[[ RECORDED DATA, beginning ]]
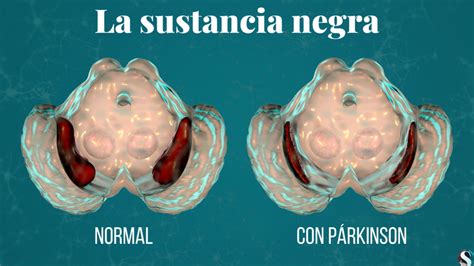 Parkinson qué es síntomas fases de la enfermedad y tratamientos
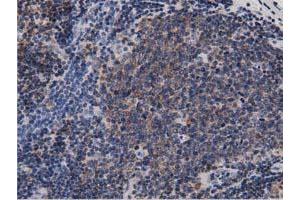 Immunohistochemical staining of paraffin-embedded Human colon tissue using anti-DNAJA2 mouse monoclonal antibody. (DNAJA2 anticorps)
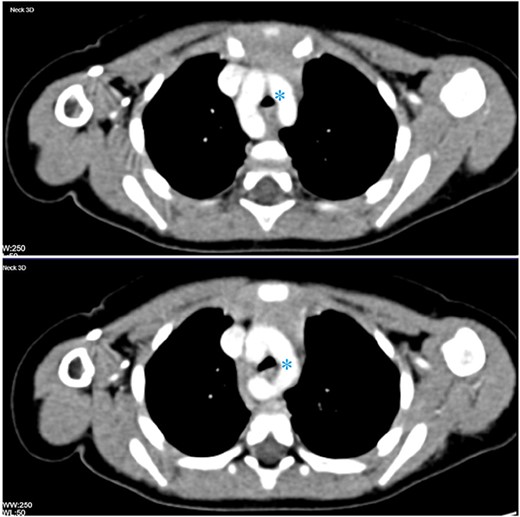 Contrast-enhanced CT of the chest in two consecutive axial cuts showing duplication of the aortic arch encircling the thoracic trachea and oesophagus (asterisk).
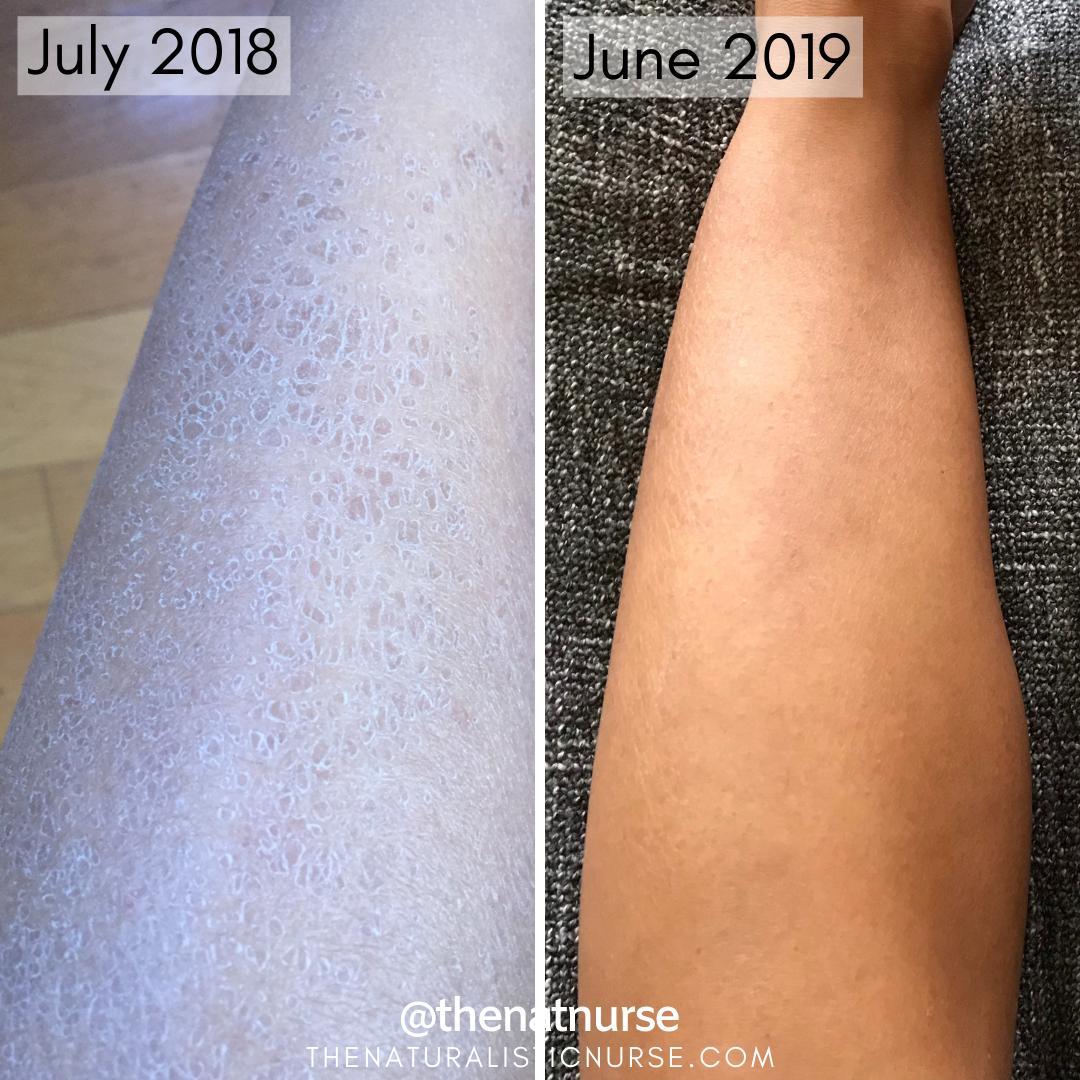 Progress legs 2.png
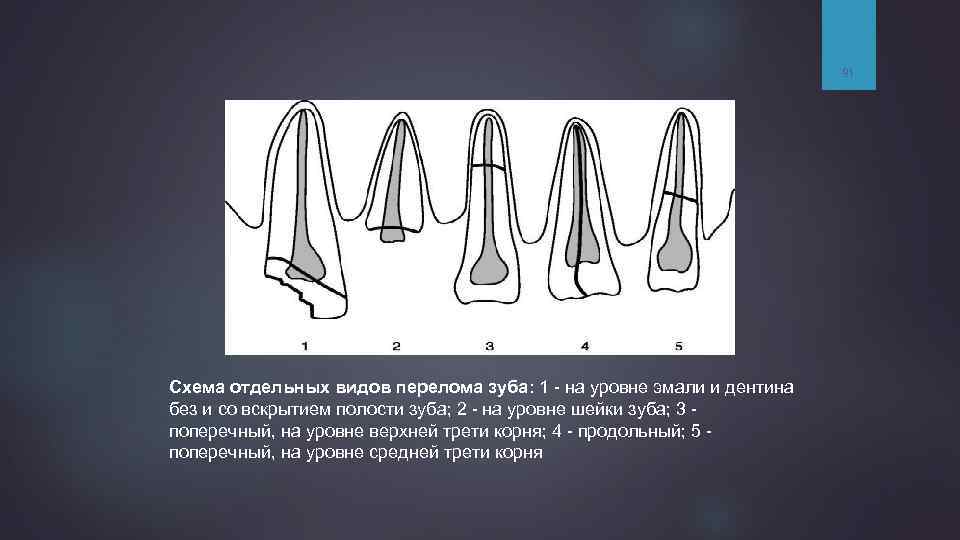 91 Схема отдельных видов перелома зуба: 1 - на уровне эмали и дентина без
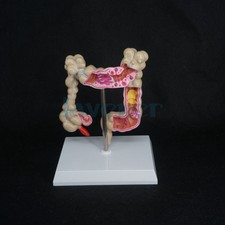 Anatomical Human Colon Intestine Pathological Diseases Model Medical Anatomy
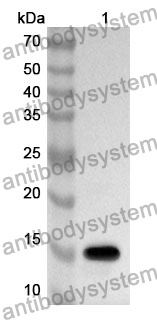 Anti-TGFB2 Polyclonal Antibody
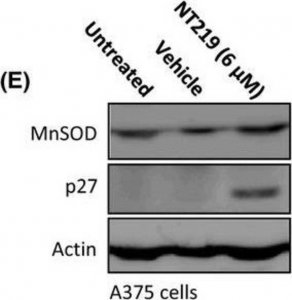 Anti-Mn-SOD Antibody 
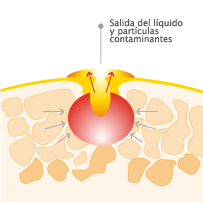 proceso_curacion_02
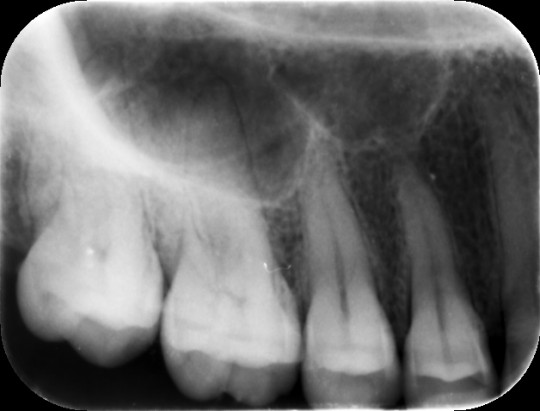 16. Apikální snímek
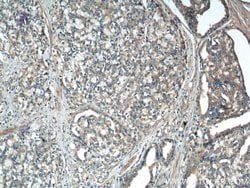 IkB alpha Rabbit anti-Human, Mouse, Porcine, Polyclonal, Proteintech 150
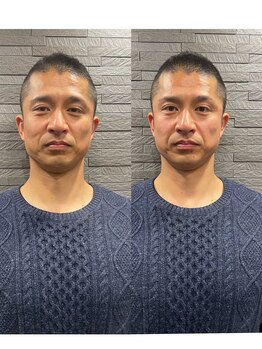 長寿鍼灸院 長寿整骨院/men's男性専用25本美容鍼★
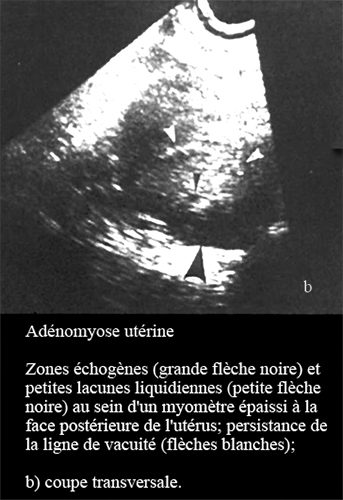 Adenomyose 2
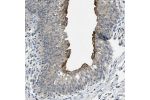 Immunohistochemical staining of human urinary bladder shows moderate to strong cytoplasmic / membranous positivity in urothelial cells.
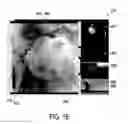 Fig. 17 - Visualization apparatus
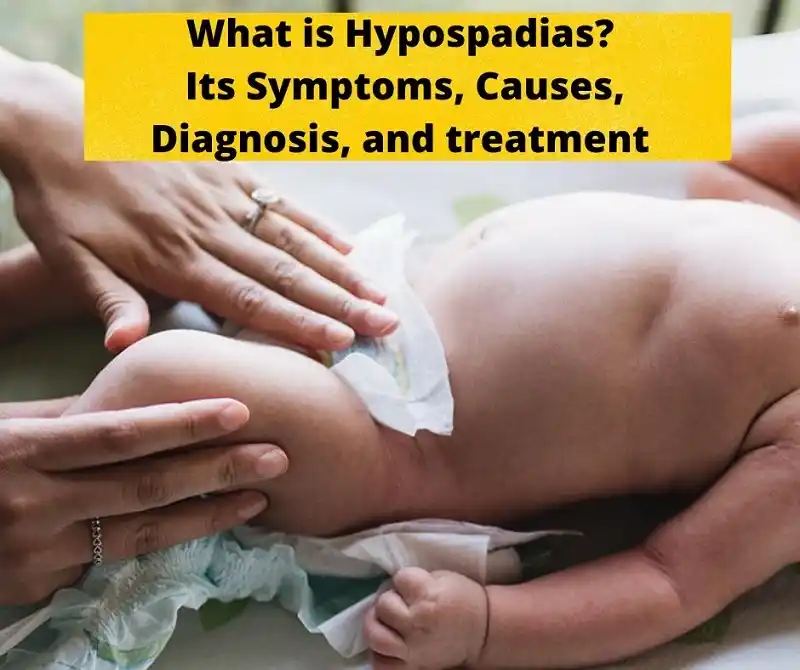 بیماری هیپوسپادیاس چیست و درمان Hypospadias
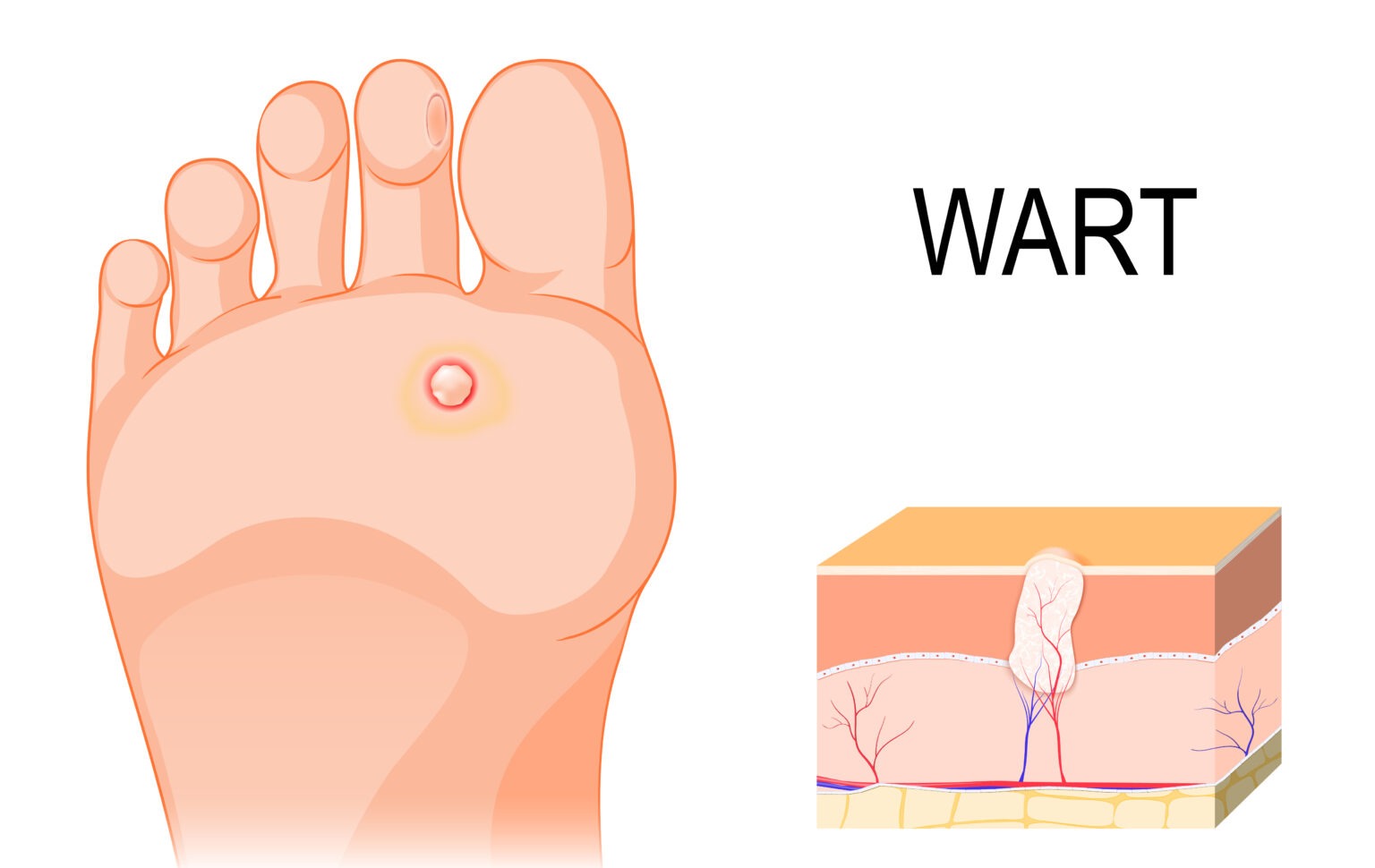 wart-at-the-bottom-of-the-foot
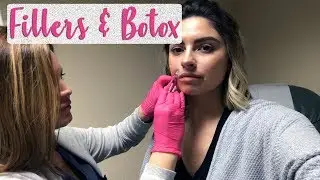 FILLERS || Hit or Miss?! || Amy Ave Makeup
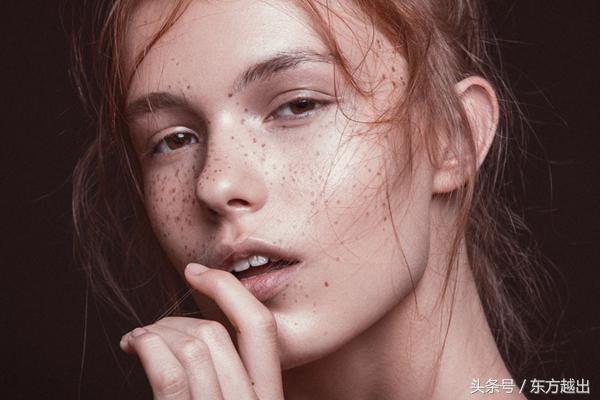 茶油祛斑最快最有效的方法,男士祛斑除黑色素最有效方法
[[ RECORDED DATA, end ]]
#### [PROBLEM DETAILS]
The whole listing above should be restated word for word, minus any images.

#### [RESPONSE TO THIS TASK]
 Parkinson qué es síntomas fases de la enfermedad y tratamientos
 Immunohistochemical staining of paraffin-embedded Human colon tissue using anti-DNAJA2 mouse monoclonal antibody. (DNAJA2 anticorps)
 Contrast-enhanced CT of the chest in two consecutive axial cuts showing duplication of the aortic arch encircling the thoracic trachea and oesophagus (asterisk).
 Progress legs 2.png
 91 Схема отдельных видов перелома зуба: 1 - на уровне эмали и дентина без
 Anatomical Human Colon Intestine Pathological Diseases Model Medical Anatomy
 Anti-TGFB2 Polyclonal Antibody
 Anti-Mn-SOD Antibody 
 proceso_curacion_02
 16. Apikální snímek
 IkB alpha Rabbit anti-Human, Mouse, Porcine, Polyclonal, Proteintech 150
 長寿鍼灸院 長寿整骨院/men's男性専用25本美容鍼★
 Adenomyose 2
 Immunohistochemical staining of human urinary bladder shows moderate to strong cytoplasmic / membranous positivity in urothelial cells.
 Fig. 17 - Visualization apparatus
 بیماری هیپوسپادیاس چیست و درمان Hypospadias
 wart-at-the-bottom-of-the-foot
 FILLERS || Hit or Miss?! || Amy Ave Makeup
 茶油祛斑最快最有效的方法,男士祛斑除黑色素最有效方法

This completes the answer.